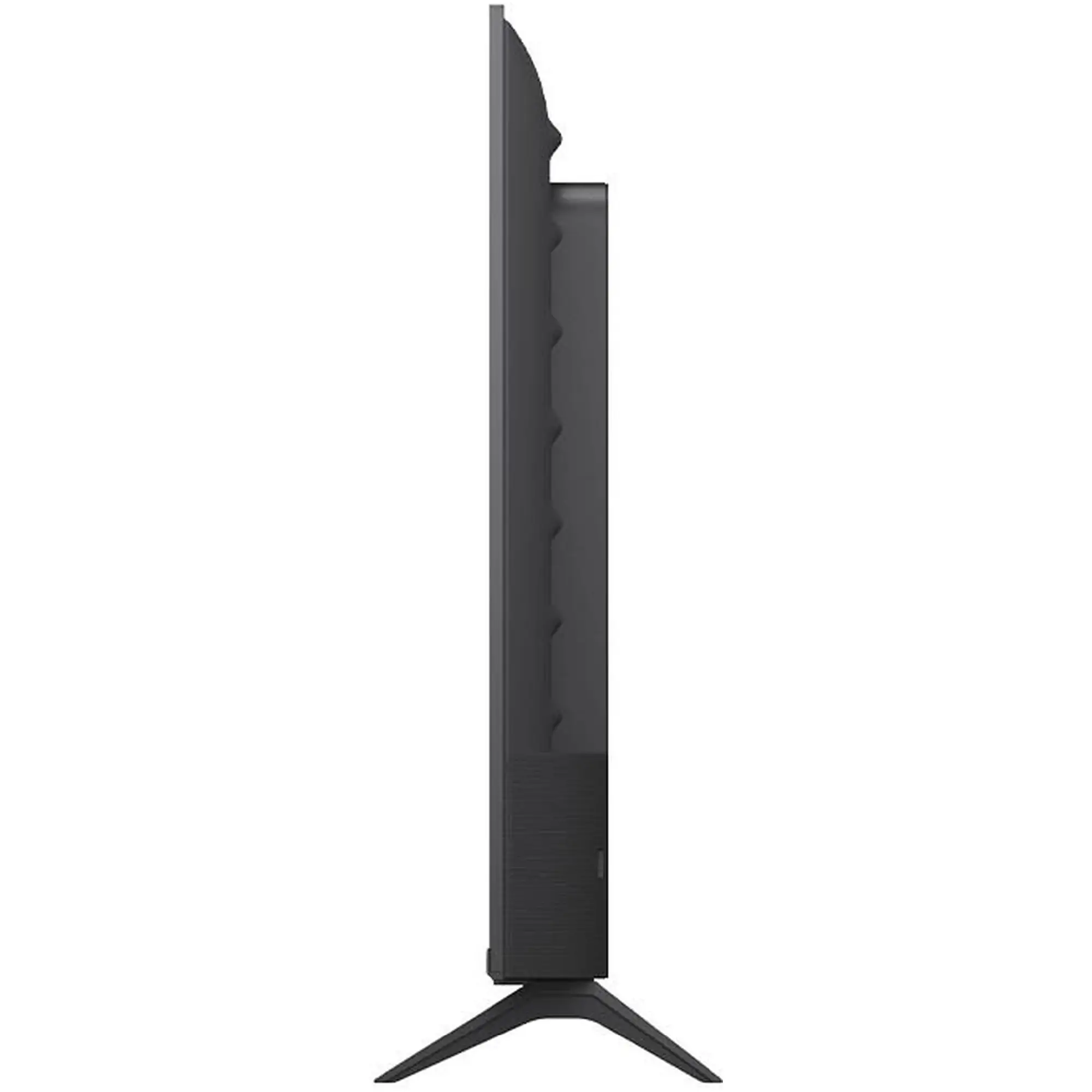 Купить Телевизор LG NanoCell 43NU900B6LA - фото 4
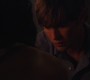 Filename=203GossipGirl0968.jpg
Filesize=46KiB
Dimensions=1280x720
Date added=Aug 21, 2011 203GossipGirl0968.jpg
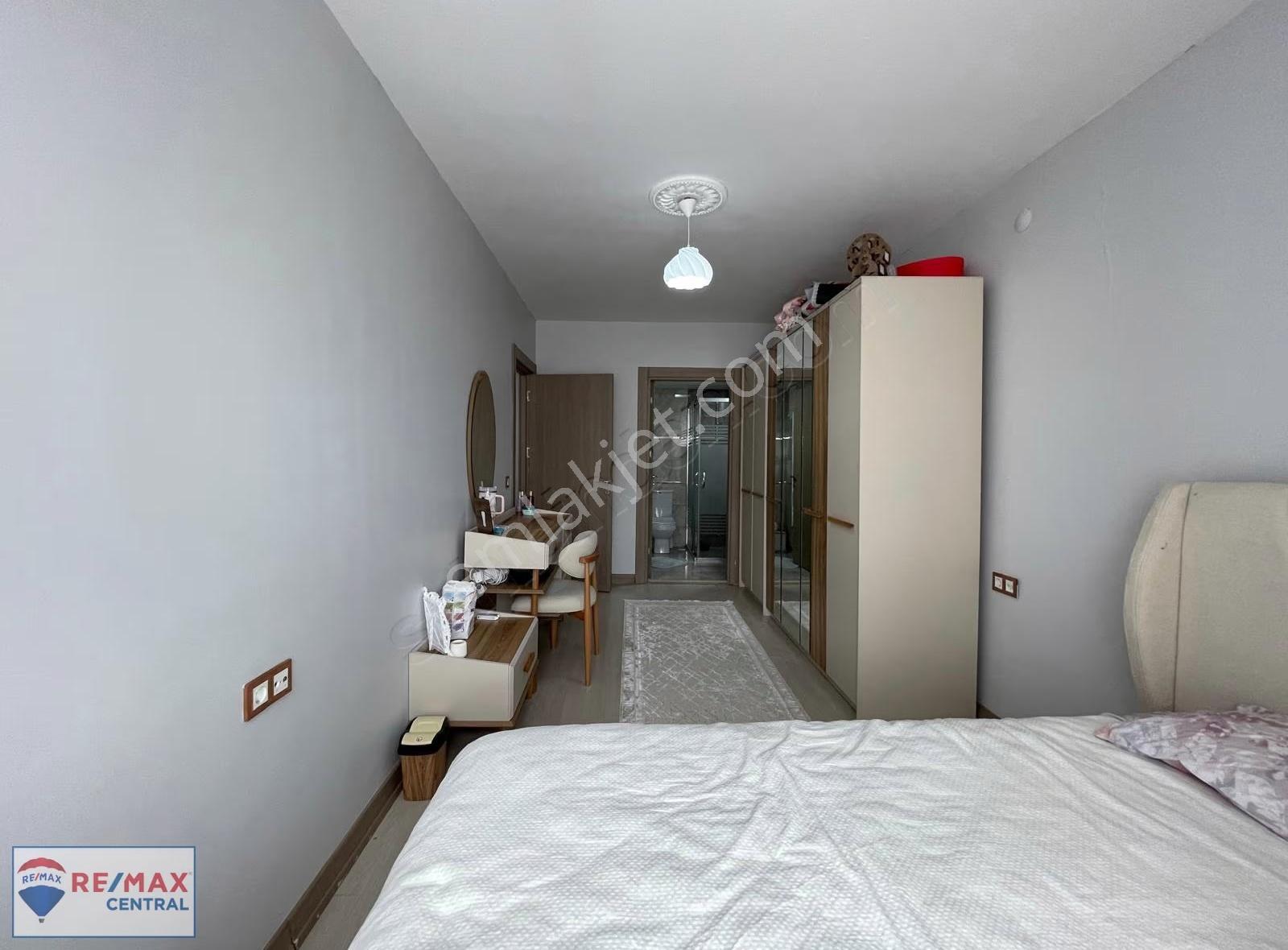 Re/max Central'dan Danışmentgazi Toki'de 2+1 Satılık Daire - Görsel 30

■ ■ ■ ■

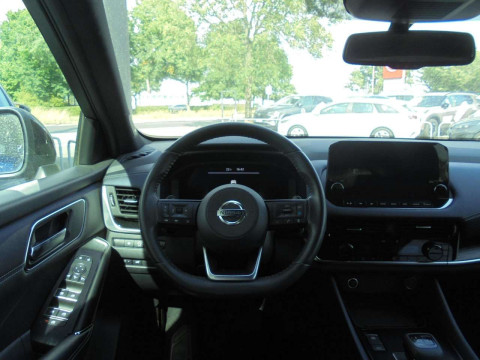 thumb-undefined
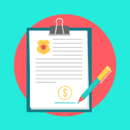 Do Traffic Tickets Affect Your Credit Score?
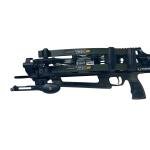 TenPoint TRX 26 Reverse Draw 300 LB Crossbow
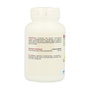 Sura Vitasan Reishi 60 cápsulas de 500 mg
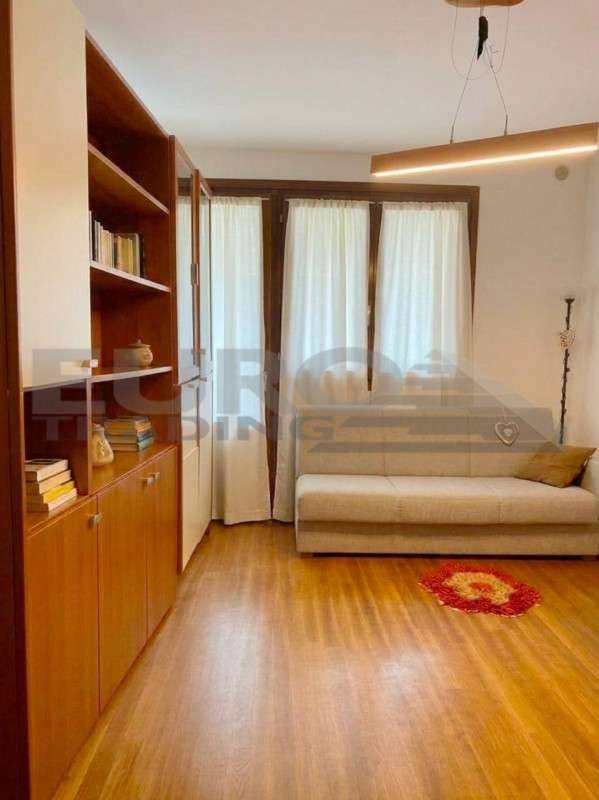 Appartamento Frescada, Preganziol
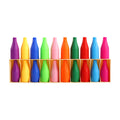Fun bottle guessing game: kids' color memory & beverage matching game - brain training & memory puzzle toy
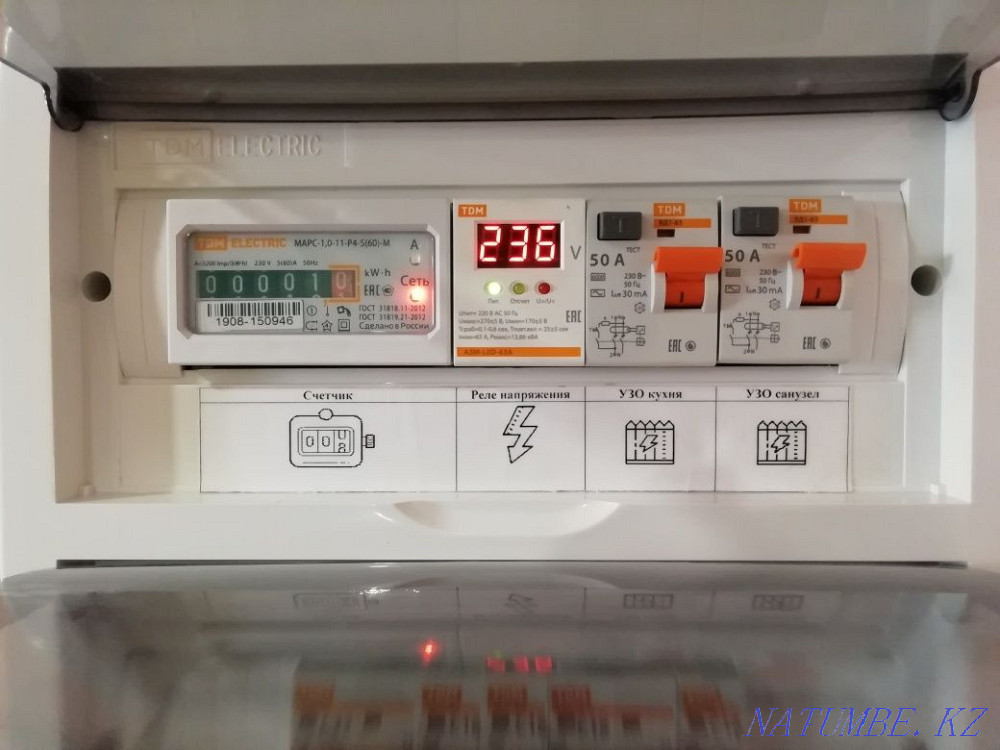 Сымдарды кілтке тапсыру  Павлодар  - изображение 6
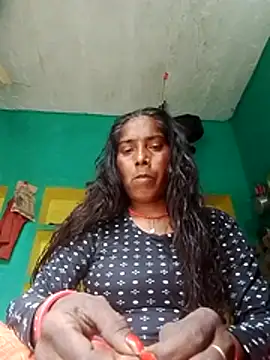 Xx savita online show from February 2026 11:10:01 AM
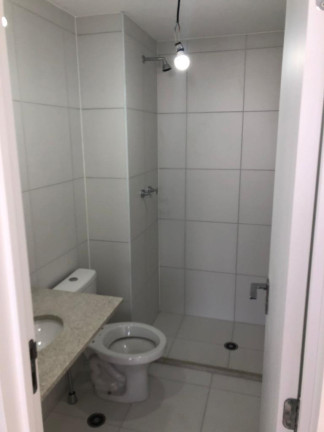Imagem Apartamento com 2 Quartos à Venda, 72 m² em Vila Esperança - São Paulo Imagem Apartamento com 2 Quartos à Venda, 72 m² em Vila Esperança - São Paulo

■ ■ ■ ■

About this exercise: Look above for the line with "Appartamento Frescada, Preganziol" and the line with "São Paulo Imagem"; set down those two lines and all lines between them exactly, without pictures and without anything else.

Result of this exercise:
 Appartamento Frescada, Preganziol
Fun bottle guessing game: kids' color memory & beverage matching game - brain training & memory puzzle toy
 Сымдарды кілтке тапсыру  Павлодар  - изображение 6
 Xx savita online show from February 2026 11:10:01 AM
Imagem Apartamento com 2 Quartos à Venda, 72 m² em Vila Esperança - São Paulo Imagem Apartamento com 2 Quartos à Venda, 72 m² em Vila Esperança - São Paulo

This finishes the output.